Such given timing may include a time right after a power-switch of
the image forming apparatus 1000 is set to ON condition, and a
given timing which has lapsed after supplying power to the image
forming apparatus 1000, for example.
In the image forming apparatus 1000, four light beams may be used
for irradiating the respective photoconductors 3y, 3c, 3m, and
3bk.
Such light beams may be deflected by one common polygon mirror
(i.e., polygon mirror 21), and then each of the light beams may
scan each of the photoconductors 3y, 3c, 3m, and 3bk in a main
scanning direction.
In such configuration, an optical-writing starting timing for each
of the photoconductors 3y, 3c, 3m, and 3bk may be adjusted with a
time value, obtained by multiplying a writing time of one line
(i.e., one scanning line) with an integer number (e.g., one, two,
three) when the timing adjustment control is conducted.
For example, assume that two photoconductors may have a
superimposing-deviation in the sub-scanning direction (or surface
moving direction of photoconductor 3) by more than "1/2 dot."
In this case, an optical-writing starting timing for one of the
photoconductors may be delayed or advanced for a time value, which
is obtained by multiplying a writing time for one line with integer
numbers (e.g., one, two, three times).
Specifically, when a superimposing-deviation amount in a
sub-scanning direction is "3/4 dot," an optical-writing starting
timing may be delayed or advanced for a time value, obtained by
multiplying a writing time for one line with one.
When a superimposing-deviation amount in a sub-scanning direction
is "7/4 dot," an optical-writing starting timing may be delayed or
advanced for a time value, obtained by multiplying a writing time
for one line with two.
With such controlling, a superimposing-deviation in sub-scanning
direction may be suppressed 1/2 dot or less, for example.
However, if a superimposing-deviation amount in a sub-scanning
direction is less than "1/2 dot," the above-explained method that
delaying or advancing an optical-writing starting timing with a
time value, obtained by multiplying a writing time for one line
with an integer number, may unpreferably increase the
superimposing-deviation amount.
Accordingly, if a superimposing-deviation amount in a sub-scanning
direction is less than 1/2 dot, an adjustment of optical-writing
starting timing may not be conducted with the above-explained
method that delaying or advancing an optical-writing starting
timing with a time value, obtained by multiplying a writing time
for one line with an integer number.
As such, a superimposing-deviation of less than 1/2 dot may not be
reduced by a timing adjustment control.
However, for coping with a recent market need for enhanced image
quality, a superimposing-deviation of less than 1/2 dot may need to
be reduced or suppressed.
In the image forming apparatus 1000, if a superimposing-deviation
of less than 1/2 dot may be detected in the timing adjustment
control, the CPU 146 may compute a drive-speed correction value
corresponding to a deviation amount, and stores the computed drive
speed correction value to the drive controller 150.
When conducting a printing job in the image forming apparatus 1000,
each of the photoconductors 3y, 3c, 3m and 3bk may be driven with a
drive speed based on the computed drive-speed correction value.

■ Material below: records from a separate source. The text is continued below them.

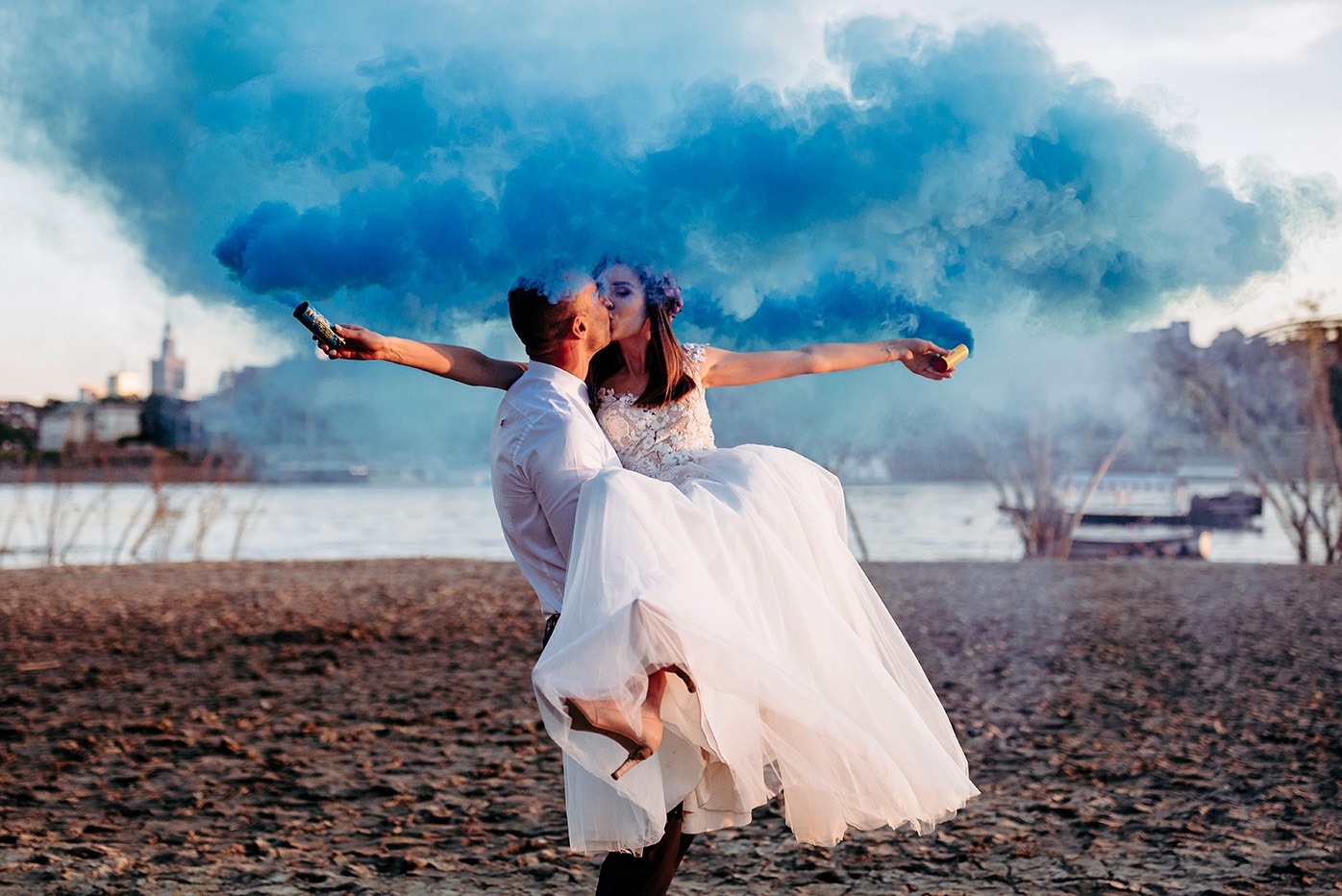 Panna młoda w białej sukni niesiona przez pana młodego na tle rzeki i miasta, z niebieskim dymem z rac.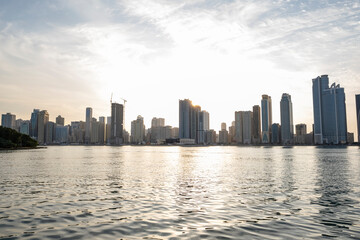 Obraz premium 12.12.2025 Sharjah, UAE. Panoramic view of Sharjah Corniche at sunset, featuring Khalid Lagoon water, illuminated skyscrapers, modern city skyline, and silhouette of date palm trees in UAE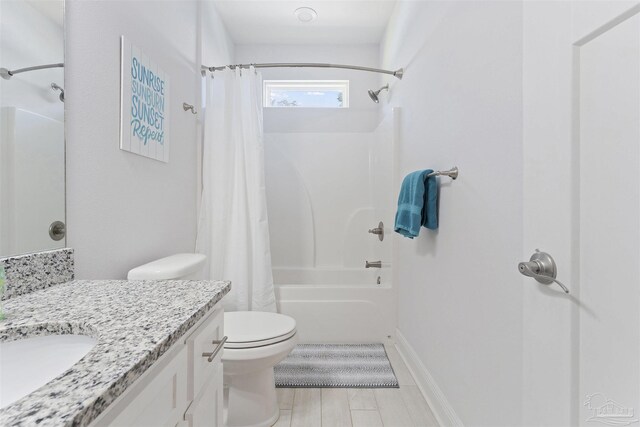 full bathroom with vanity, toilet, and shower / tub combo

The
printing job may be instructed from an external apparatus such as
personal computer, which transmits image information to the image
forming apparatus 1000, for example.
With such controlling for printing job, each of the photoconductors
3y, 3c, 3m and 3bk may have a different linear velocity among the
photoconductors 3y, 3c, 3m and 3bk to reduce a
superimposing-deviation of less than 1/2 dot, as required.
Accordingly, a superimposing-deviation amount may be reduced to
less than 1/2 dot.
However, if each of the photoconductors 3y, 3c, 3m and 3bk may have
a different linear velocity, a phase relationship of the
photoconductors 3y, 3c, 3m and 3bk may deviate from a preferable
relationship with a rotation of each of the photoconductors 3y, 3c,
3m and 3bk.
If a printing operation is conducted only one time, such phase
deviation of the photoconductors 3y, 3c, 3m, and 3bk may not cause
a significant trouble.
However, if a continuous printing operation is conducted to a
plurality of recording sheets continuously, deviations of phase
relationship of the photoconductors 3y, 3c, 3m, and 3bk may be
accumulated when a number of printing sheets are increased, and a
phase deviation may become unpreferably larger due to the
accumulated deviations of phase relationship of the photoconductors
3y, 3c, 3m, and 3bk.
In view of such situations, the image forming apparatus 1000 may
include an image quality mode and a speed, for example.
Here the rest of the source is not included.